For the last three years, U.S. Senator Rob Portman has poured much of his energy into his CARA bill. CARA stands for the Comprehensive Addiction & Recovery Act. Now, that bill is law, and the funding has been made available for it as well.
On Aug. 31, 2016, Portman urged House and Senate appropriators to fully fund CARA. Now President Obama has signed into law $37 million in new opioid funding as part of the short-term Continuing Resolution (CR). The money is designed to help get grant programs included in CARA, up and running.
For this fiscal year the House and Senate passed (and Obama signed into law) an increase in total federal spending on opioids of 47 percent over last year ($220 million vs. $321 million). For next fiscal year, the Senate Appropriations Committee has approved $471.5 million for federal opioid programs, which – if enacted – would be a 113 percent increase over the level two years ago ($471.5 million vs. $220 million).
“This is an important day because it means the Obama administration now must begin to get these CARA grant programs up and running and I’m going to continue to push them to do so as quickly as possible,” Portman said. “This short-term funding is an important step in that process, and I remain committed to fully funding CARA and securing additional opioid funding in the months ahead. This heroin and prescription drug epidemic is having a devastating effect on our families and communities across Ohio, and I’m pleased that Congress is taking this important step forward.”
In summary, for this fiscal year the House and Senate passed (and Obama signed into law) an increase in Labor-Health and Human Services – spending on opioids of 231 percent over last year ($41 million vs. $136 million). For next fiscal year, the Senate Appropriations Committee has approved $262 million for federal opioid programs, which – if enacted – would be a 539 percent increase over the level two years ago ($41 million vs. $262 million).
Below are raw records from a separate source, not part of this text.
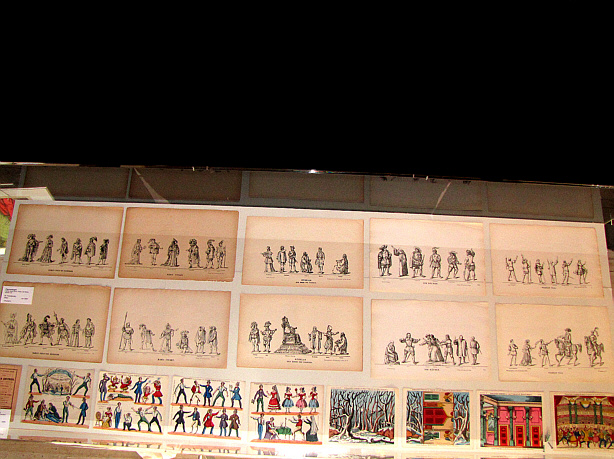 Ausstellung Essen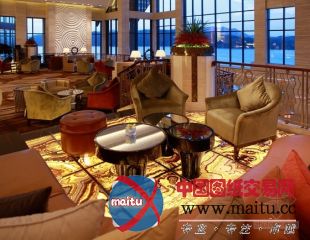 杭州千岛湖滨江希尔顿度假酒店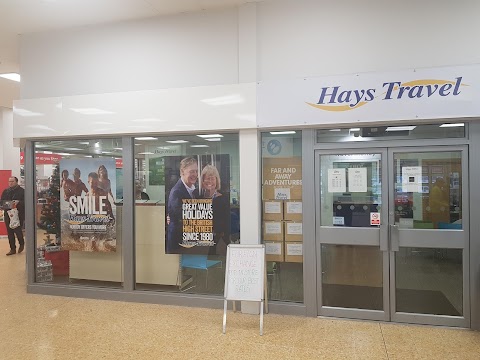 Hays Travel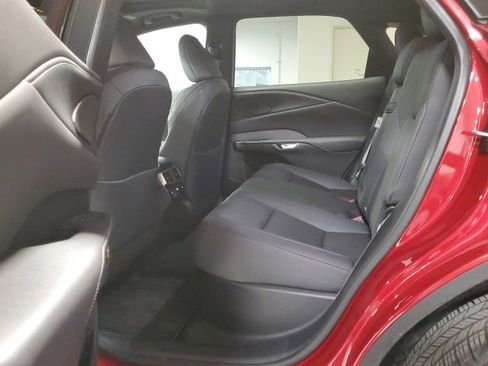 Used 2025 Lexus RX 350 350 Premium image 22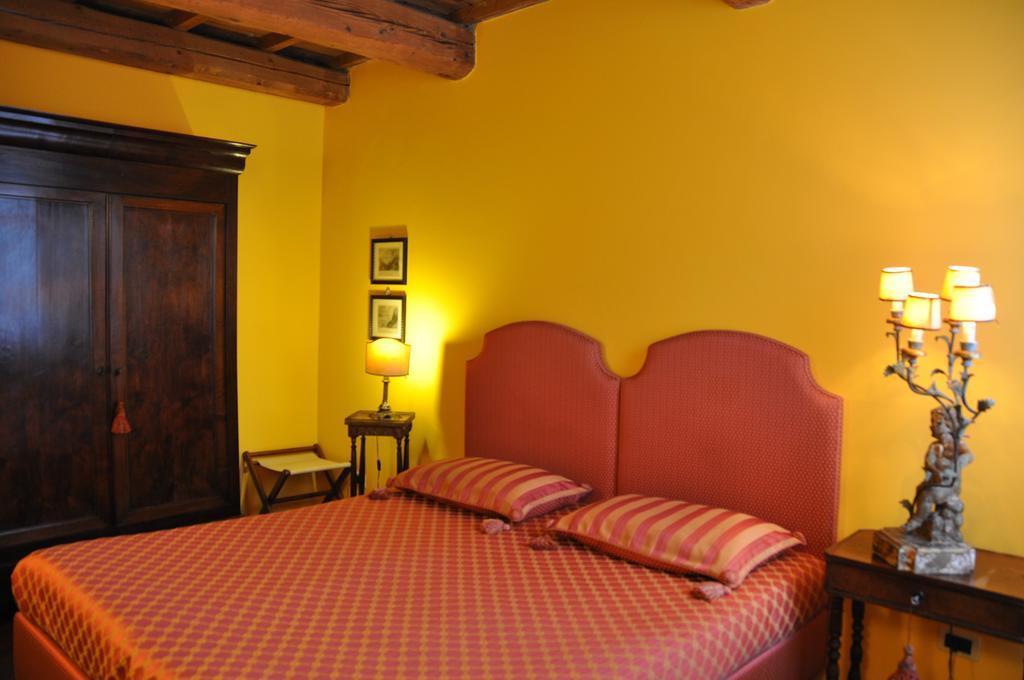 Piazza Nova Guest House Ferrara Phòng bức ảnh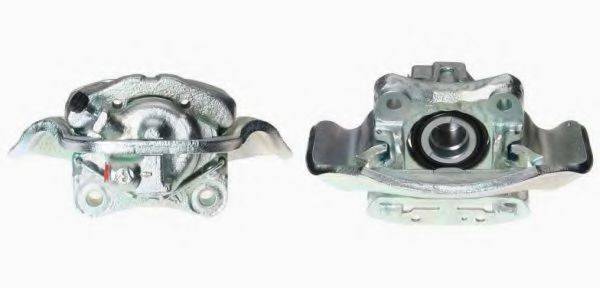 BUDWEG CALIPER 34419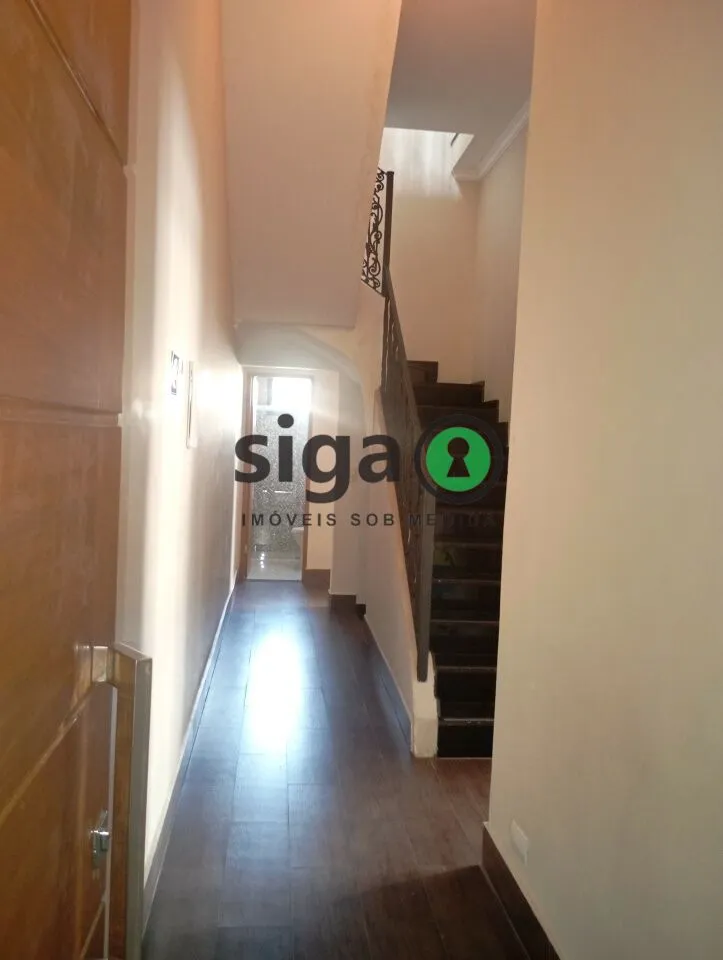 Imagem CASA COMERCIAL PARA ALUGAR EM VILA CLEMENTINO - 350 M²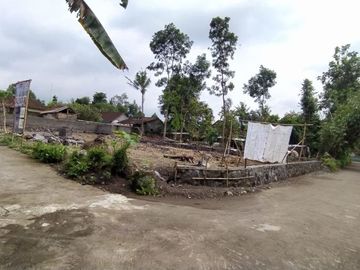 Hanya 1.4 km ke Wedang Kopi Merapi Hunian Minimalis Harga Terjangkau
Obama commented on the legislation.
“This legislation includes some modest steps to address the opioid epidemic,” Obama said in a statement. “Given the scope of this crisis, some action is better than none. However, I am deeply disappointed that Republicans failed to provide any real resources for those seeking addiction treatment to get the care that they need.”
Many of the recent overdoses and deaths in Indiana, Kentucky, Ohio, and West Virginia have been attributed to synthetic opioids like fentanyl or its analogues, which include carfentanil, being mixed into heroin. Earlier, the Administration announced enhanced measures in conjunction with the Chinese government to combat the supply of fentanyl and its analogues to the United States. The majority of fentanyl and its analogues brought to the United States by drug traffickers originates in China. Obama said China committed to targeting U.S.-bound exports of substances controlled in the United States, but not in China. Additionally, the U.S. and China agreed to increase the exchange of law enforcement and scientific information with a view towards coordinated actions to control substances and chemicals of concern. The Administration will continue to work with China bilaterally and multilaterally to tighten international scheduling and improve capacity to monitor and analyze illicit synthetic drugs.